___ Extracted material

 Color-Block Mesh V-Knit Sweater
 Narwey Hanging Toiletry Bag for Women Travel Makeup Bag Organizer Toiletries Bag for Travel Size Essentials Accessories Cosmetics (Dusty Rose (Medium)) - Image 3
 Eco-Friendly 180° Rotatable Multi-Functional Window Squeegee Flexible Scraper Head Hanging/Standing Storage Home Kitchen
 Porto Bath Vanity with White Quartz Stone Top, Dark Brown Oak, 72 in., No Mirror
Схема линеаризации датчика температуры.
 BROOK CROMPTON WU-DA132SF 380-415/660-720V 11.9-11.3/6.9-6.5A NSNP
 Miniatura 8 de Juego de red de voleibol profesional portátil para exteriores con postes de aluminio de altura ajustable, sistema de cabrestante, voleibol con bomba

______
___ Extracted material

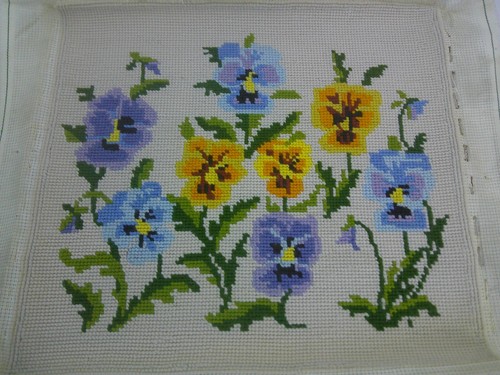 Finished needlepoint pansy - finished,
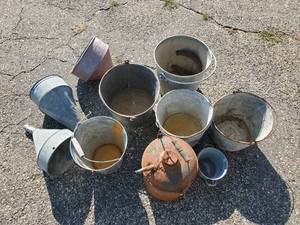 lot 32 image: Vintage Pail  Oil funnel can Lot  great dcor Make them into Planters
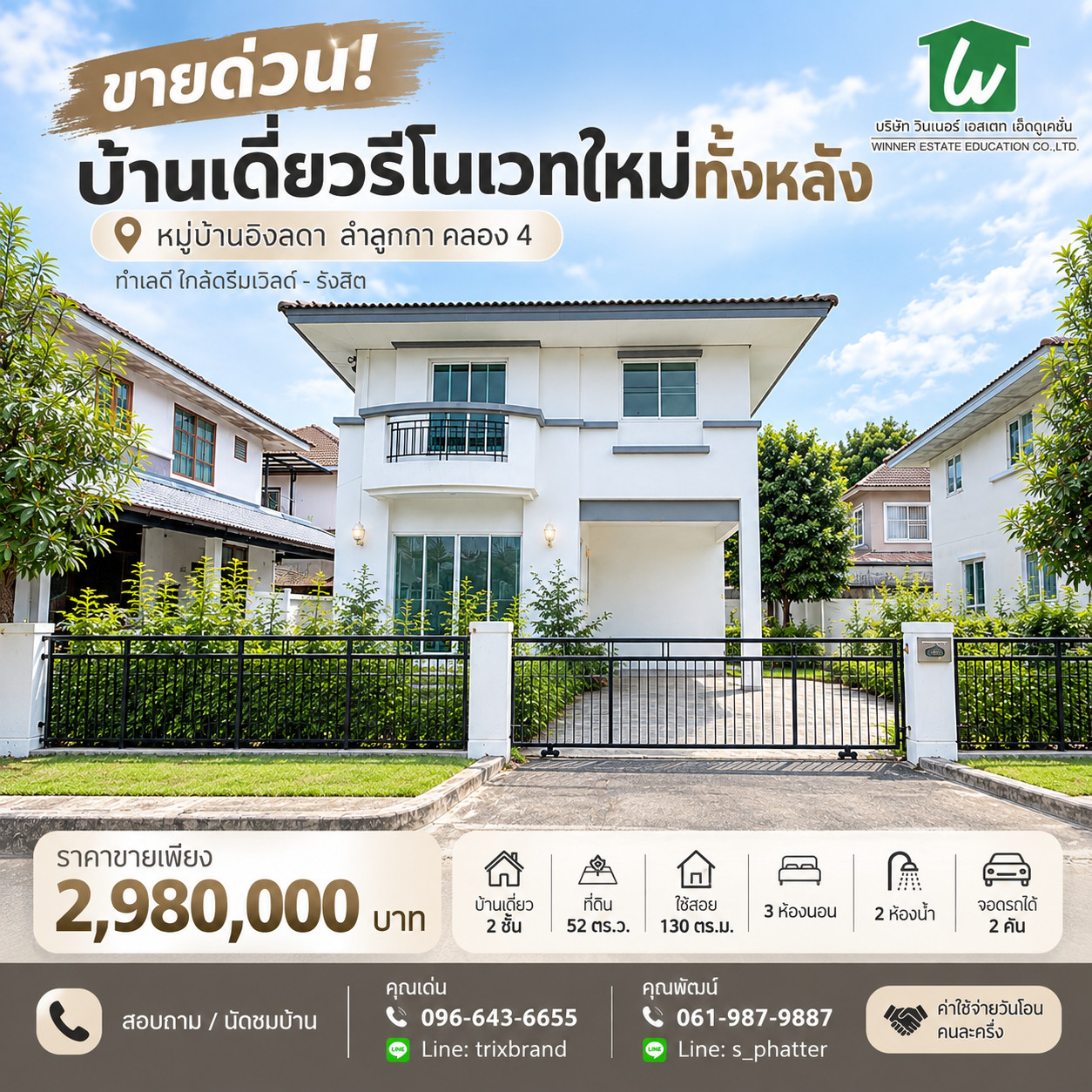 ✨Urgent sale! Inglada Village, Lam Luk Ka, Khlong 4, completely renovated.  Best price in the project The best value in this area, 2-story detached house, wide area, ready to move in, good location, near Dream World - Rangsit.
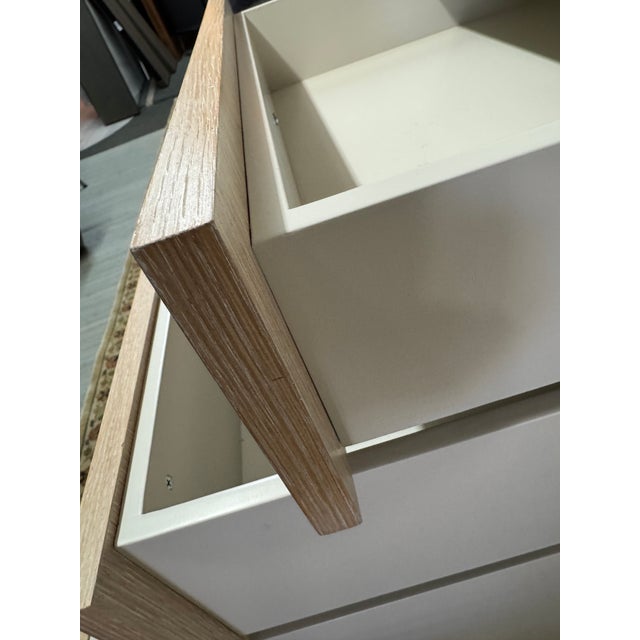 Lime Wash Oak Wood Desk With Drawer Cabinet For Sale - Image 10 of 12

______

> [Exercise instructions]
Look over the material and return every line where the word "Hanging" is found.

> [Solution below]
 Narwey Hanging Toiletry Bag for Women Travel Makeup Bag Organizer Toiletries Bag for Travel Size Essentials Accessories Cosmetics (Dusty Rose (Medium)) - Image 3
 Eco-Friendly 180° Rotatable Multi-Functional Window Squeegee Flexible Scraper Head Hanging/Standing Storage Home Kitchen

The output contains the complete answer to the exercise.